##### Given data

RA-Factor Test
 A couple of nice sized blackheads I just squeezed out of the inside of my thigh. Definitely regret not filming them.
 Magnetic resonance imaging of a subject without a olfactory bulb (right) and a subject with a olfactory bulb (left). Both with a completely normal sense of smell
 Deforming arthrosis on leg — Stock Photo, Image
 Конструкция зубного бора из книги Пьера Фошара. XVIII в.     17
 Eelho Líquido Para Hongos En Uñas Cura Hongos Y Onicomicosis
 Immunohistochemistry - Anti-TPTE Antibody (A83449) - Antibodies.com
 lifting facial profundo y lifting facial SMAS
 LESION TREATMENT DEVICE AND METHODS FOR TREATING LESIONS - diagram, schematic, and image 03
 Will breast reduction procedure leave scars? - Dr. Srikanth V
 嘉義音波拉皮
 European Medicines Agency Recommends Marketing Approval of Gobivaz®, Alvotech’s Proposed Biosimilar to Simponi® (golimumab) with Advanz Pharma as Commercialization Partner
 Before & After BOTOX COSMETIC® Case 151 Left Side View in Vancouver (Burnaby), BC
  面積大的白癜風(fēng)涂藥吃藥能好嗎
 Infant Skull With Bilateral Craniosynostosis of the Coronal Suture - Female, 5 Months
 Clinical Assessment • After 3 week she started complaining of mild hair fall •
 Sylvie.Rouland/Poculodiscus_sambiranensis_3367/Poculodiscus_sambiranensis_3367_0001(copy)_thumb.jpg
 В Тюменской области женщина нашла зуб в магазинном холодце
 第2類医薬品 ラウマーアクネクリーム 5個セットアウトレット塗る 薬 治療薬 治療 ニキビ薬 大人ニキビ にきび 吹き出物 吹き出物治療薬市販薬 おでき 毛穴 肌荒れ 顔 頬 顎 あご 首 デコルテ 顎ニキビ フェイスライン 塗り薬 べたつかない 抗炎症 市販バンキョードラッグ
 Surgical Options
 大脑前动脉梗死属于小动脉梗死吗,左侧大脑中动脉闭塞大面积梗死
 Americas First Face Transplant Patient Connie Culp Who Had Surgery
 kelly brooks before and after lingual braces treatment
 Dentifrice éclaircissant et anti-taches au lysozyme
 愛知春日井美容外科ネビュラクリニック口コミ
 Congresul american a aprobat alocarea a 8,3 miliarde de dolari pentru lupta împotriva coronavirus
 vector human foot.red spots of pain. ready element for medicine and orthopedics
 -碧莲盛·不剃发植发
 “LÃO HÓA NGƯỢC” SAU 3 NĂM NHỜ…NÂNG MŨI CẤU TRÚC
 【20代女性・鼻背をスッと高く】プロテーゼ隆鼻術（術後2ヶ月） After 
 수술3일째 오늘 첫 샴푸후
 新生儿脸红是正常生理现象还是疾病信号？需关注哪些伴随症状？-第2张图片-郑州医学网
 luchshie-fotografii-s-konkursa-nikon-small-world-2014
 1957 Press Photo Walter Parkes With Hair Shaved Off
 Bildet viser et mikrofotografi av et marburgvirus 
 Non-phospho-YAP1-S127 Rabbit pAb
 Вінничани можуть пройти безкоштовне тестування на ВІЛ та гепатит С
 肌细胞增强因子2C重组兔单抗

##########

> [Activity]: The answer must be the full listing, repeated exactly.

> [Solution to the exercise]:
RA-Factor Test
 A couple of nice sized blackheads I just squeezed out of the inside of my thigh. Definitely regret not filming them.
 Magnetic resonance imaging of a subject without a olfactory bulb (right) and a subject with a olfactory bulb (left). Both with a completely normal sense of smell
 Deforming arthrosis on leg — Stock Photo, Image
 Конструкция зубного бора из книги Пьера Фошара. XVIII в.     17
 Eelho Líquido Para Hongos En Uñas Cura Hongos Y Onicomicosis
 Immunohistochemistry - Anti-TPTE Antibody (A83449) - Antibodies.com
 lifting facial profundo y lifting facial SMAS
 LESION TREATMENT DEVICE AND METHODS FOR TREATING LESIONS - diagram, schematic, and image 03
 Will breast reduction procedure leave scars? - Dr. Srikanth V
 嘉義音波拉皮
 European Medicines Agency Recommends Marketing Approval of Gobivaz®, Alvotech’s Proposed Biosimilar to Simponi® (golimumab) with Advanz Pharma as Commercialization Partner
 Before & After BOTOX COSMETIC® Case 151 Left Side View in Vancouver (Burnaby), BC
  面積大的白癜風(fēng)涂藥吃藥能好嗎
 Infant Skull With Bilateral Craniosynostosis of the Coronal Suture - Female, 5 Months
 Clinical Assessment • After 3 week she started complaining of mild hair fall •
 Sylvie.Rouland/Poculodiscus_sambiranensis_3367/Poculodiscus_sambiranensis_3367_0001(copy)_thumb.jpg
 В Тюменской области женщина нашла зуб в магазинном холодце
 第2類医薬品 ラウマーアクネクリーム 5個セットアウトレット塗る 薬 治療薬 治療 ニキビ薬 大人ニキビ にきび 吹き出物 吹き出物治療薬市販薬 おでき 毛穴 肌荒れ 顔 頬 顎 あご 首 デコルテ 顎ニキビ フェイスライン 塗り薬 べたつかない 抗炎症 市販バンキョードラッグ
 Surgical Options
 大脑前动脉梗死属于小动脉梗死吗,左侧大脑中动脉闭塞大面积梗死
 Americas First Face Transplant Patient Connie Culp Who Had Surgery
 kelly brooks before and after lingual braces treatment
 Dentifrice éclaircissant et anti-taches au lysozyme
 愛知春日井美容外科ネビュラクリニック口コミ
 Congresul american a aprobat alocarea a 8,3 miliarde de dolari pentru lupta împotriva coronavirus
 vector human foot.red spots of pain. ready element for medicine and orthopedics
 -碧莲盛·不剃发植发
 “LÃO HÓA NGƯỢC” SAU 3 NĂM NHỜ…NÂNG MŨI CẤU TRÚC
 【20代女性・鼻背をスッと高く】プロテーゼ隆鼻術（術後2ヶ月） After 
 수술3일째 오늘 첫 샴푸후
 新生儿脸红是正常生理现象还是疾病信号？需关注哪些伴随症状？-第2张图片-郑州医学网
 luchshie-fotografii-s-konkursa-nikon-small-world-2014
 1957 Press Photo Walter Parkes With Hair Shaved Off
 Bildet viser et mikrofotografi av et marburgvirus 
 Non-phospho-YAP1-S127 Rabbit pAb
 Вінничани можуть пройти безкоштовне тестування на ВІЛ та гепатит С
 肌细胞增强因子2C重组兔单抗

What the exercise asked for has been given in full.